现在我们看一下df.rdd.map(lambda r: test(r)).take(10)里面的take,提醒一下map操作只是一个transform,不会触发真正的计算任务,只有action会,这里的take就是一个action。take会触发当前RDD的transform,包括它的父RDD,最终返回num条数据。我们看一下take函数,有点长,最关键的是self.context.runJob。

    def take(self, num):
        items = []
        totalParts = self.getNumPartitions()
        partsScanned = 0

        while len(items) < num and partsScanned < totalParts:
            # The number of partitions to try in this iteration.
            # It is ok for this number to be greater than totalParts because
            # we actually cap it at totalParts in runJob.
            numPartsToTry = 1
            if partsScanned > 0:
                # If we didn't find any rows after the previous iteration,
                # quadruple and retry.  Otherwise, interpolate the number of
                # partitions we need to try, but overestimate it by 50%.
                # We also cap the estimation in the end.
                if len(items) == 0:
                    numPartsToTry = partsScanned * 4
                else:
                    # the first parameter of max is >=1 whenever partsScanned >= 2
                    numPartsToTry = int(1.5 * num * partsScanned / len(items)) - partsScanned
                    numPartsToTry = min(max(numPartsToTry, 1), partsScanned * 4)

            left = num - len(items)

            def takeUpToNumLeft(iterator):
                iterator = iter(iterator)
                taken = 0
                while taken < left:
                    try:
                        yield next(iterator)
                    except StopIteration:
                        return
                    taken += 1

            p = range(partsScanned, min(partsScanned + numPartsToTry, totalParts))
            res = self.context.runJob(self, takeUpToNumLeft, p)

            items += res
            partsScanned += numPartsToTry

        return items[:num]

接着我们看self.context.runJob代码(pyspark/context.py),主要看self._jvm.PythonRDD.runJob(self._jsc.sc(), mappedRDD._jrdd, partitions)这行,其中_jrdd是在PipelinedRDD里面定义,看代码。

def runJob(self, rdd, partitionFunc, partitions=None, allowLocal=False):
    if partitions is None:
        partitions = range(rdd._jrdd.partitions().size())

    # Implementation note: This is implemented as a mapPartitions followed
    # by runJob() in order to avoid having to pass a Python lambda into
    # SparkContext#runJob.
    mappedRDD = rdd.mapPartitions(partitionFunc)
    sock_info = self._jvm.PythonRDD.runJob(self._jsc.sc(), mappedRDD._jrdd, partitions)
    return list(_load_from_socket(sock_info, mappedRDD._jrdd_deserializer))

_jrdd代码是Spark支持Python API的关键,_wrap_function这里是序列化上面定义的闭包函数func以及它的所有依赖,我们知道这个函数是被分布式算子map调用的函数,这个函数会在executor上执行,确切的说是executor上启动的Python守护进程里执行。
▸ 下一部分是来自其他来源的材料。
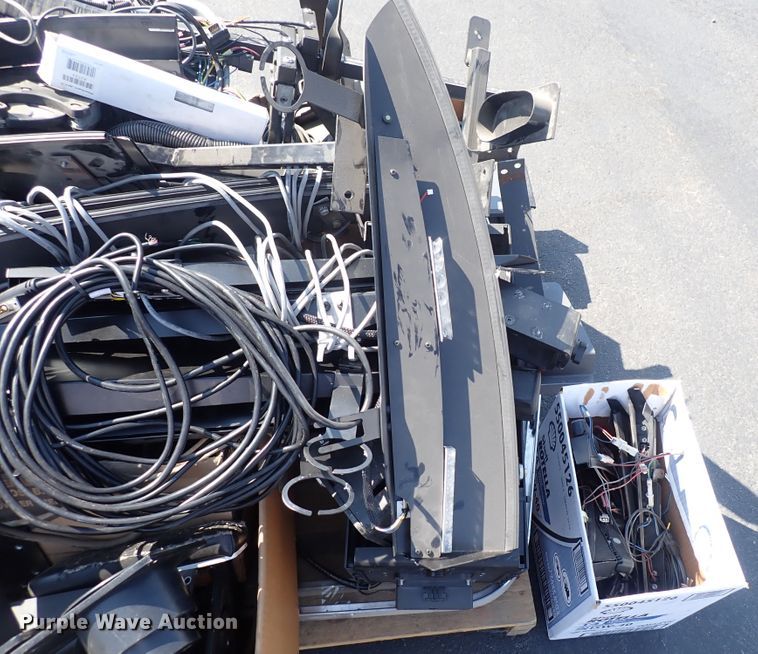 image for item IN9208 Automotive accessories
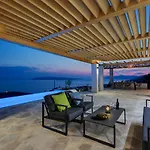 Kostela Villa *
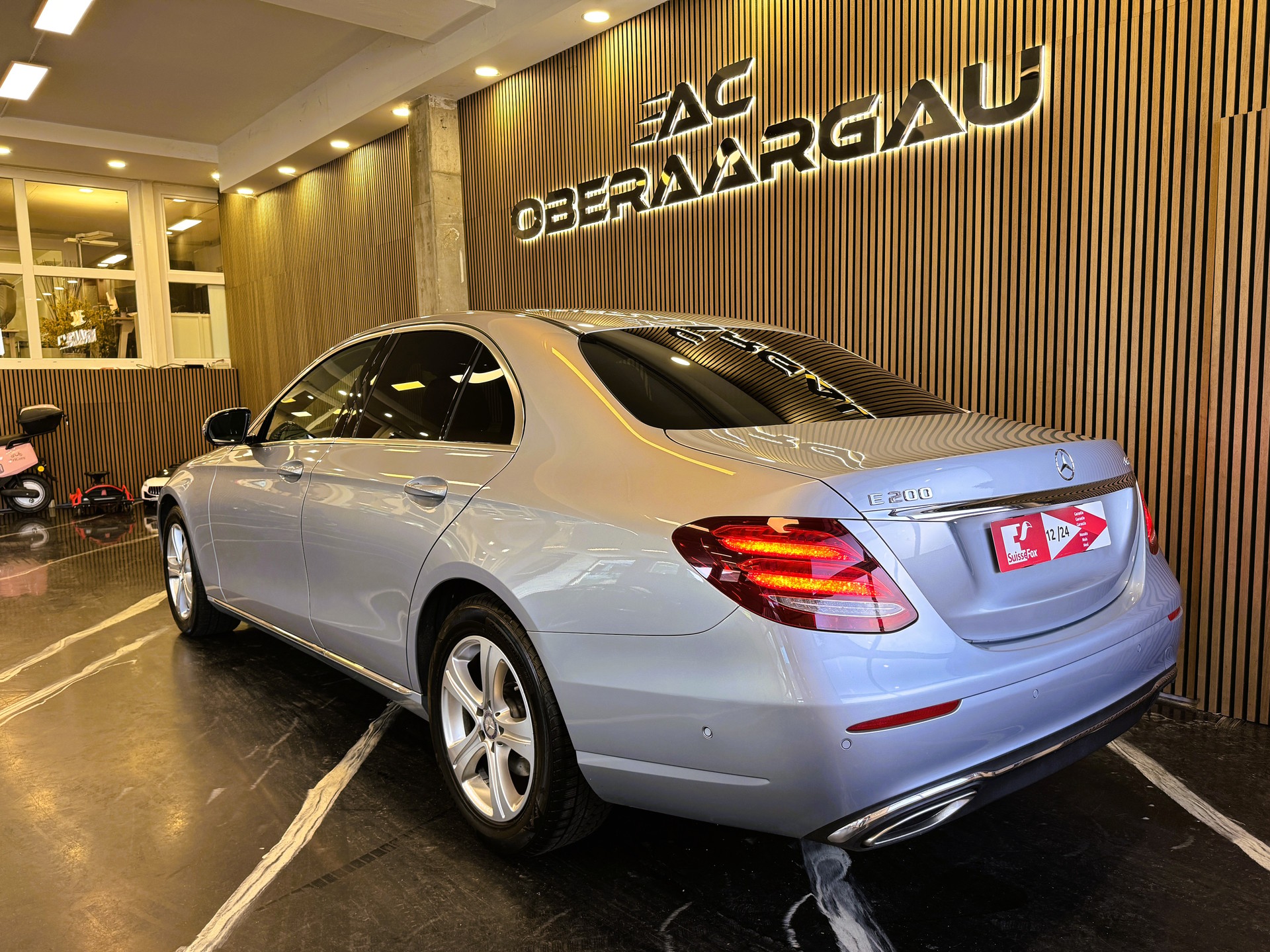 MERCEDES-BENZ E 200 Avantgarde 4Matic 9G-Tronic-image-4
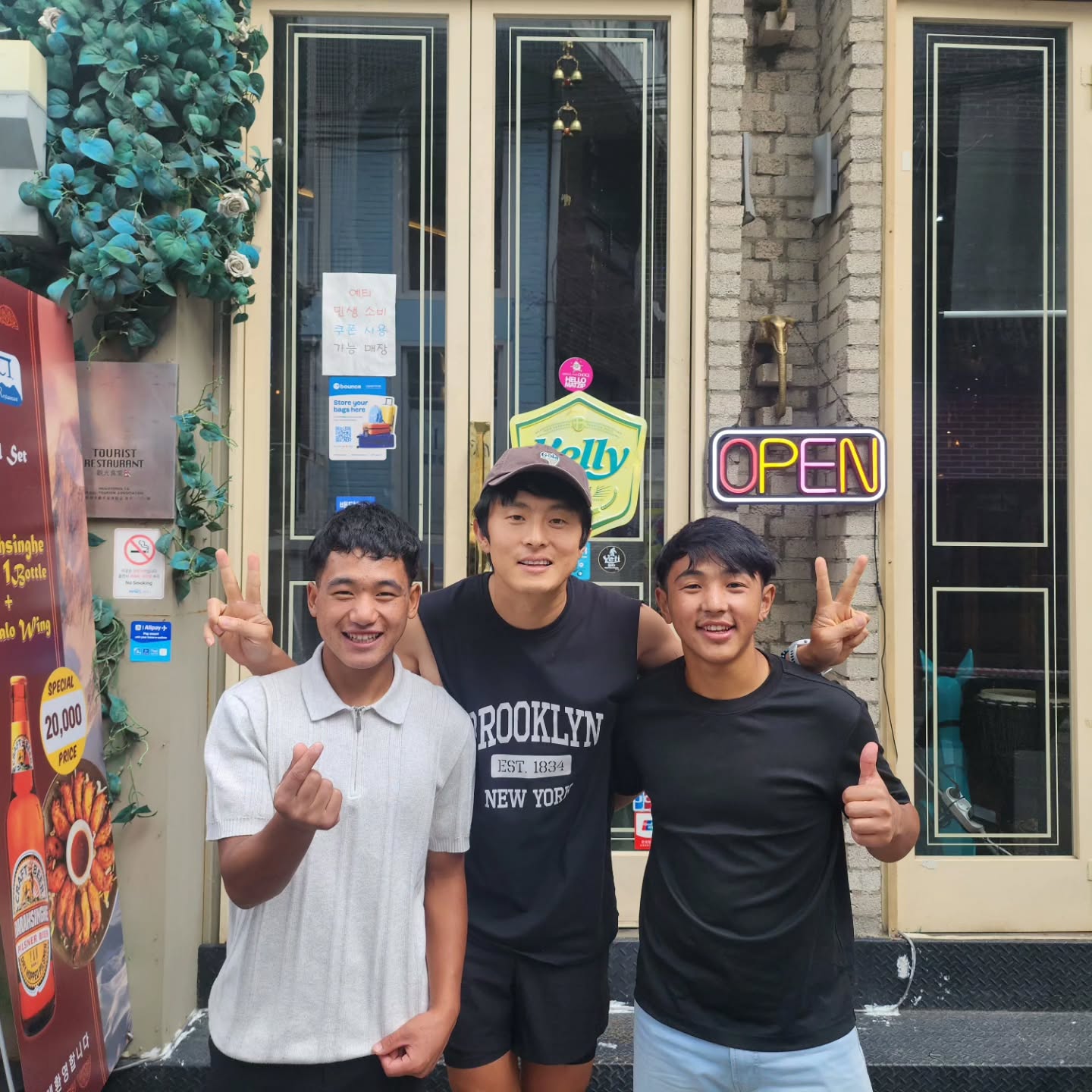 '태계일주'로 인연을 쌓은 기안84와 타망, 라이가 한국에서 재회했다. 사진=기안84 인스타그램 캡쳐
因此这里Python必须序列化并打包这个func函数和它的执行环境,随后会在executor的Python进程里加载,这样就完成了分布式函数的自动广播操作。有点烧脑,关于Python函数序列化的内容我们放到单独一篇文章里再讲。

@property
def _jrdd(self):
    if self._jrdd_val:
        return self._jrdd_val
    if self._bypass_serializer:
        self._jrdd_deserializer = NoOpSerializer()

    if self.ctx.profiler_collector:
        profiler = self.ctx.profiler_collector.new_profiler(self.ctx)
    else:
        profiler = None

    wrapped_func = _wrap_function(self.ctx, self.func, self._prev_jrdd_deserializer,
                                  self._jrdd_deserializer, profiler)
    python_rdd = self.ctx._jvm.PythonRDD(self._prev_jrdd.rdd(), wrapped_func,
                                         self.preservesPartitioning, self.is_barrier)
    self._jrdd_val = python_rdd.asJavaRDD()

    if profiler:
        self._id = self._jrdd_val.id()
        self.ctx.profiler_collector.add_profiler(self._id, profiler)
    return self._jrdd_val

继续看_wrap_function,_prepare_for_python_RDD就是序列化Python函数的过程,细节下一篇再讲。再看一下sc._jvm.PythonFunction,这个是scala写的类,代码在core/src/main/scala/org/apache/spark/api/pythn/PythonRDD.scala,这个类封装了一些Python必需的数据和环境。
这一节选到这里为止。